Marcelo Scofano é cozinheiro e especialista em azeite, dá aulas numa instituição técnica no Rio de Janeiro e é autor do projecto Estilo Gourmet. A sua paixão pelo azeite tem-no levado a fazer um trabalho fundamental de divulgação e valorização do azeite no seu país. Na primeira pessoa fala-nos da sua experiência, da relação com Portugal e de como a história do azeite no Brasil se tem vindo a alterar.

Era o ano de 1995, quando o Brasil importava pela primeira vez um azeite virgem extra. Até aquele período os brasileiros só conheciam o que a normativa vigente hoje no país denomina como Azeite de Oliva Tipo Único, que era rotulado como ‘Fino de Oliva’, Intenso’ ou ‘Suave’. Segundo dados do Conselho Oleícola Internacional, naquele ano o consumo per capita era de 0,15 ml e a percepção sobre o produto era elitizada, um condimento sofisticado para pessoas que podiam pagar por ele. Cerca de 70% do mercado era dominado por grandes e tradicionais marcas portuguesas, seguido de 20% de espanhóis e o restante pulverizado entre azeites argentinos, italianos e libaneses.

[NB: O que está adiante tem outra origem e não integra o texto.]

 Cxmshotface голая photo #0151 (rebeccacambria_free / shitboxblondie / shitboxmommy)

No fim de 2006, quando eu estava recém graduado em gastronomia, recebi um convite para criar harmonizações dos distintos azeites que chegavam ao varejo no Rio de Janeiro com pratos da culinária brasileira. O panorama já era bem distinto, a carta de azeites tinha mais de 30 rótulos de variadas origens: Portugal, Espanha, Itália, Grécia, França, Chile e Argentina. Fiquei surpreso e fascinado com a diversidade sensorial. Era um mundo de novas descobertas – azeites com diferentes níveis de qualidade e preço chegavam a um mercado, cujo hábito de consumo era restrito a composição de molhos, tempero de saladas ou preparo de pratos de bacalhau. Uma mudança cultural evidenciou-se preponderante, quando diante de um alimento funcional, com nova e excepcional qualidade, o preço permanece sendo o principal condutor para a escolha do rótulo.

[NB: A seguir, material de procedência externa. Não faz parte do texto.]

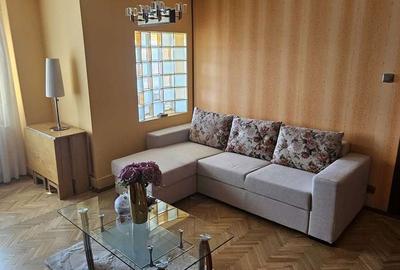 Apartament cu 4 camere decomandat în Central - 14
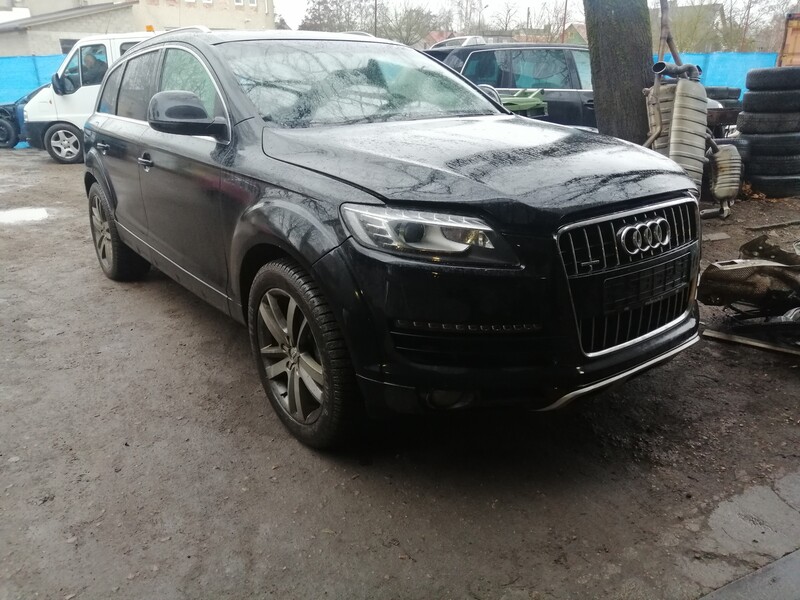 Audi Q7 2008 y parts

Deparei-me com um gigantesco desafio e o trabalho, feito inicialmente de forma intuitiva, me levou em busca do conhecimento, que me conduziu inclusive a encontrar o início da produção brasileira de azeite em sua história agrícola recente. Em 29 de fevereiro de 2008, na cidade de Maria da Fé, na serra da Mantiqueira, sul de Minas Gerais, foram extraídos alguns litros do que foi considerado o primeiro azeite virgem extra produzido no país. Na safra de 2017, dos pampas gaúchos até as franjas dessa famosa serra, entre São Paulo e Minas Gerais, o Brasil produziu 110 toneladas de azeite (0,15% do consumo interno). Ainda que relativamente insignificantes, os números mostram uma grande evolução que está quebrando paradigmas e que muito contribuirá para o incremento da qualidade do virgem extra comercializado no país.

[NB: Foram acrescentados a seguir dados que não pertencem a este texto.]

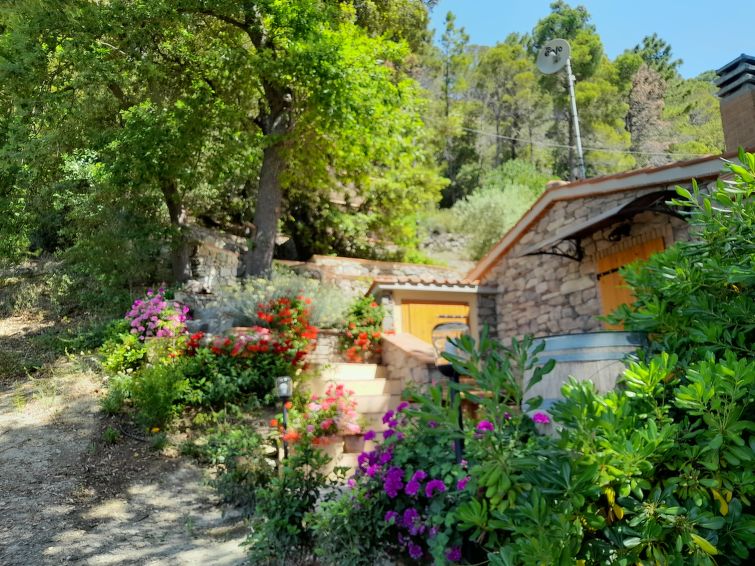 Foto van exterieur van Vakantiehuis Castellina Marittima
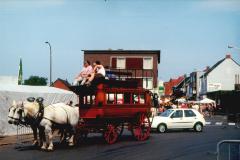 Foto van koets getrokken door twee paarden op de safarkensmarkt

São dez anos de estudo. Desde que descobri e me fascinei com a rica diversidade sensorial do azeite e sua cultura secular, dedico-me exclusivamente a aprofundar meu conhecimento e, como professor e cozinheiro, a difundi-lo em terras brasileiras. São gigantescos os potenciais de uso, inimagináveis as possibilidades de harmonizações com os pratos de nossa culinária, mas longo é o caminho também para derrubar mitos e distorções sobre suas propriedades e uso.

Hoje o Brasil é um dos mais importantes mercados mundiais com importação estimada em 65 mil toneladas para 2017. Ainda que de forma esparsa, mas com consistência, nos estados mais populosos da federação está em curso um processo educacional importante que, seguramente, transformará ainda mais o panorama do consumo de azeite no país. A Instrução Normativa do Ministério da Agricultura, implementada em 2013, também tem contribuído para regulamentar o mercado, através de fiscalizações por parte de órgãos do governo e incentivando iniciativas da sociedade civil.

Todos sabemos que a introdução do azeite na gastronomia brasileira deveu-se, sobretudo, à influência portuguesa. A diversidade contida no caldeirão cultural do qual nos originamos é hoje nossa principal identidade, cuja ausência de rigidez nos permite descobrir caminhos gastronômicos muito singulares, combinando ingredientes nativos com aqueles trazidos por todos os personagens que nos miscigenam há mais de 5 séculos.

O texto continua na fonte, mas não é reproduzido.